Вернулись с мамой к себе в Витебск. Дом наш был разбит, но бабушка нас ждала… Приютила нас всех еврейская семья, двое очень больных и очень добрых стариков. Мы все время боялись за них, потому что в городе везде развешивали объявления о том, что евреи должны явиться в гетто, мы просили, чтобы они никуда не выходили из дома. Однажды нас не было… Я с сестрой где-то играла, а мама тоже куда-то ушла… И бабушка… Когда вернулись, обнаружили записочку, что хозяева ушли в гетто, потому что боятся за нас, нам надо жить, а они – старые. По городу развесили приказы: русские должны сдавать евреев в гетто, если знают, где они скрываются. Иначе тожерасстрел.

Прочитали эту записочку и побежали с сестрой к Двине, моста в том месте не было, в гетто людей перевозили на лодках. Берег оцепили немцы. На наших глазах загружали лодки стариками, детьми, на катере дотаскивали до середины реки и лодку опрокидывали. Мы искали, наших стариков не было. Видели, как села в лодку семья – муж, жена и двое детей, когда лодку перевернули, взрослые сразу пошли ко дну, а дети все время всплывали. Фашисты, смеясь, били их веслами. Они ударят их в одном месте, те всплывают в другом, догоняют и снова бьют. А они не тонули, как мячики…

Стояла такая тишина, а может, у меня заложило уши, и мне казалось, что было тихо, все замерло. Вдруг среди этой тишины раздался смех… Какой-то молодой, утробный смех… Рядом стояли молодые немцы, наблюдая все это, они смеялись. Я не помню, как пришли мы с сестрой домой, как я ее дотащила. Тогда, видно, очень быстро взрослели дети, ей было три года, она все понимала, она молчала и не плакала.

Я боялась ходить по улицам, и как-то спокойнее себя чувствовала, когда ходила по развалинам. Одной ночью в дом ворвались немцы и начали нас расталкивать. Поднимать. Я спала с сестрой, мама с бабушкой. Выгнали всех на улицу, не дали ничего с собой взять, а это было начало зимы, погрузили на машины и повезли к поезду.

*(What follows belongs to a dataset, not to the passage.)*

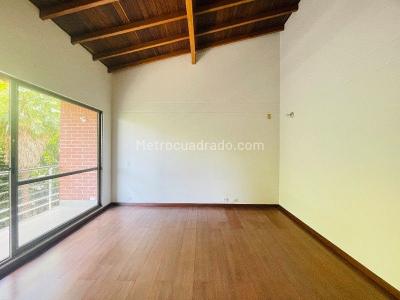 Casa de 3 alcobas en venta en San Lucas, Medellín, 210 m² · foto 9 de 20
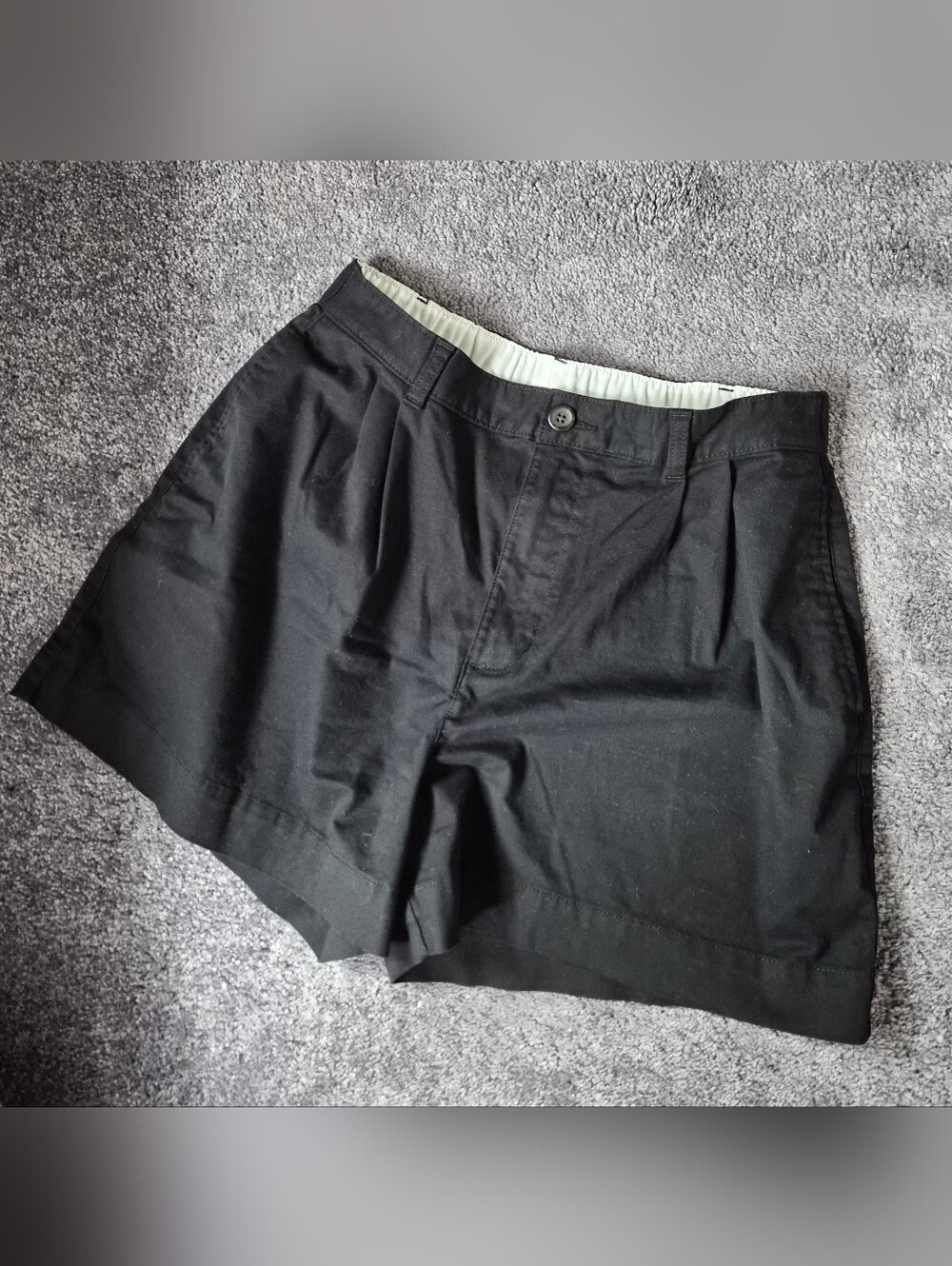 Old Navy High-Waisted OGC Chino Shorts -- 4-inch inseam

Алитус – так назывался литовский город, в котором мы оказались через несколько недель. На станции построили в шеренги и повели, по дороге мы встретили литовцев. Они, вероятно, знали, куда нас ведут, одна женщина подошла к маме и говорит: «Вас ведут в лагерь смерти, дайте мне свою девочку, я ее спасу. Если останетесь живы, найдете». Сестра была красивенькая, все ее жалели. Но какая мать отдаст своего ребенка?

В лагере у нас сразу забрали бабушку. Сказали, что стариков переводят в другой барак. Мы ждали, что бабушка даст о себе знать, но она исчезла. Потом откуда-то стало известно, что всех стариков в первые же дни отправили в газовую камеру. Следом за бабушкой однажды утром увели сестру. Перед этим несколько немцев ходили по бараку и переписывали детей, выбирали красивых, обязательно беленьких. У сестры были белые кудри и голубые глаза. Записывали не всех, именно таких. Меня не взяли, я была черненькая. Немцы гладили сестру по головке, она им очень нравилась.

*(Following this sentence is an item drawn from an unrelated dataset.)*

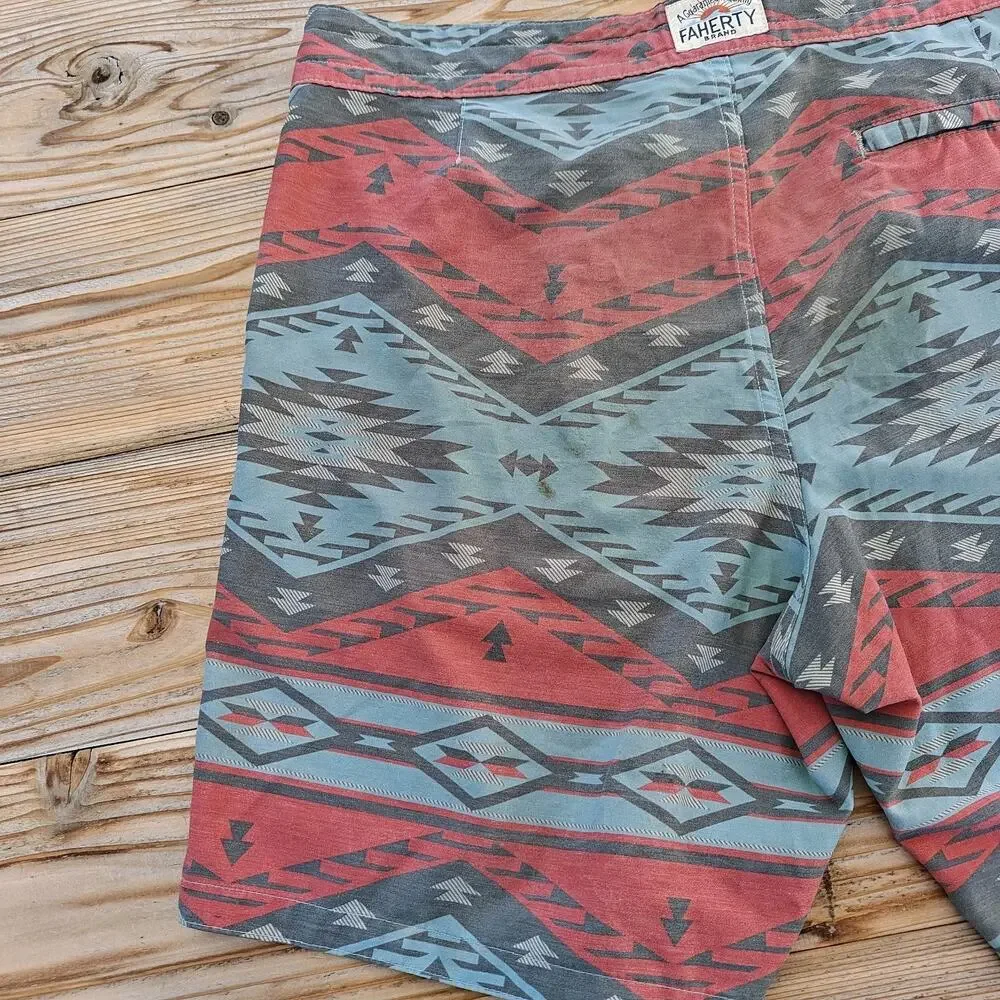 Faherty Men's Aztec Navite American Shorts Size 32 Red Blue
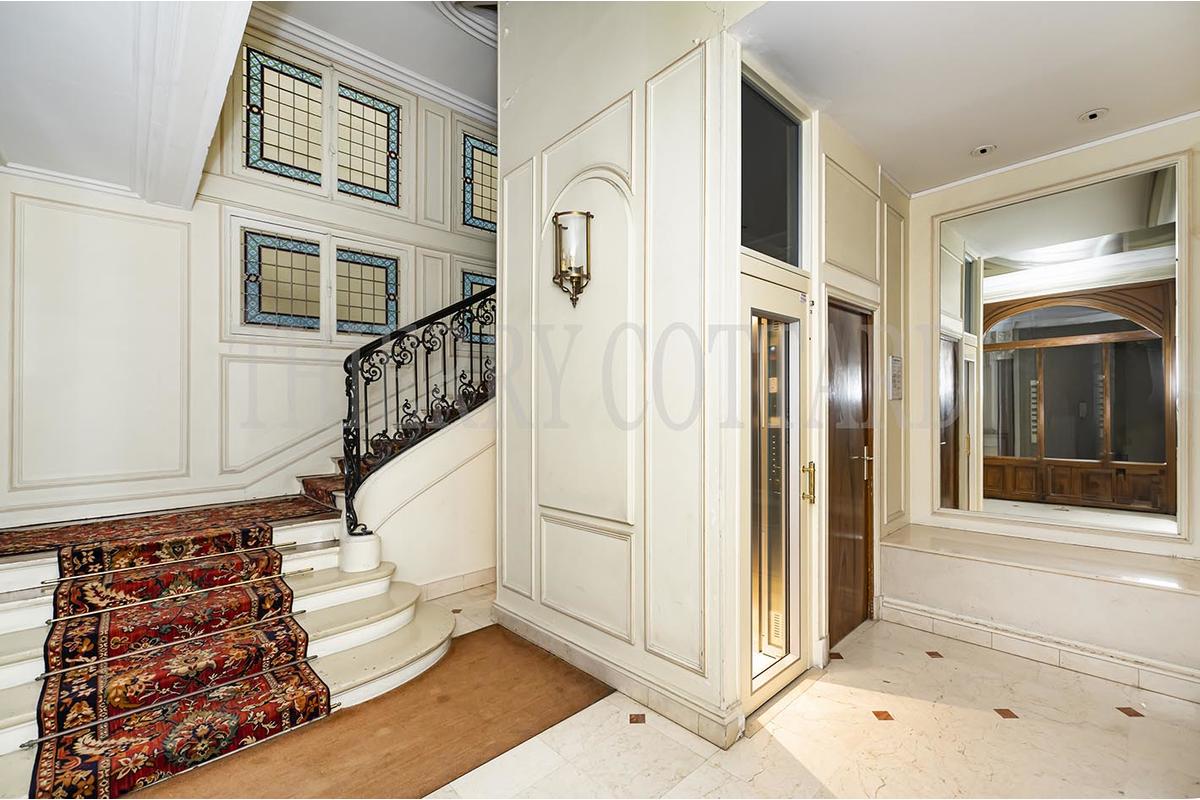 V3098_ehall8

Сестру уводили с утра, а возвращали вечером. С каждым днем она таяла. Мама ее расспрашивала, но она ничего не рассказывала. Или их напугали, или им что-то там давали, какие-нибудь таблетки, но она ничего не помнила. Потом мы узнали, что у них брали кровь. Крови, видно, брали много, через несколько месяцев сестра умерла. Она умерла утром, когда пришли снова за детьми, она уже была мертвая.

Бабушку я очень любила, потому что всегда оставалась с ней, когда папа с мамой уходили на работу. Но мы не видели ее смерти и все надеялись, что она жива. А смерть сестры была рядом… Она лежала, как живая… Лежала красивая…

В соседнем бараке жили орловские женщины, они ходили в шубах, шубы у них расклешенные, у каждой много детей. Их выгоняли из барака, строили по шесть человек и заставляли маршировать вместе с детьми, дети цеплялись за них. Даже ставили какую-то музыку… Если женщина шла не в ногу с остальными, били плеткой. Ее бьют, а она все-таки идет, потому что знает: если упадет, то ее расстреляют и ее детей расстреляют. У меня поднималось что-то в груди, когда я видела, как они вставали и шли. В своих тяжелых шубах…

Взрослых гоняли на работу, они доставали из Немана бревна и таскали их на берег. Там же, в воде, многие умирали. Один раз комендант схватил меня и поставил в группу, которая должна была идти на работу. Тогда из толпы выбежал старик, оттолкнул меня и стал на мое место. Когда вечером мы с мамой хотели отблагодарить его, мы его не нашли. Нам сказали, что он умер в реке.

Моя мама была учительницей. Она твердила: «Надо остаться человеком». Даже в аду она старалась сохранить какие-то привычки нашего дома. Не знаю, где она стирала и когда, но на мне всегда все было чистое, стираное. Зимой она стирала снегом. Снимет с меня все, я сижу на нарах под одеялом, а она стирает. У нас было только то, что было на нас.

Но все-таки мы отмечали наши праздники… Приберегали на этот день чего-нибудь съестного. Кусочек вареной свеклы. Или морковку. Мама пыталась улыбаться в этот день. Она верила, что придут наши. Благодаря этой вере мы и выжили.

После войны я пошла не в первый, а сразу в пятый класс. Я была взрослая. Но очень замкнутая, долго сторонилась людей. На всю жизнь полюбила одиночество. Меня тяготили люди, мне трудно было с ними. Что-то хранила в себе свое, чем не могла ни с кем поделиться.

Мама, конечно, замечала, как я изменилась. Она старалась отвлечь меня, придумывала праздники, не забывала мои именины. У нас постоянно были гости, ее друзья. Она сама звала моих знакомых девочек. Мне это трудно было понять. А ее тянуло к людям. И я не догадывалась, как мама меня любит.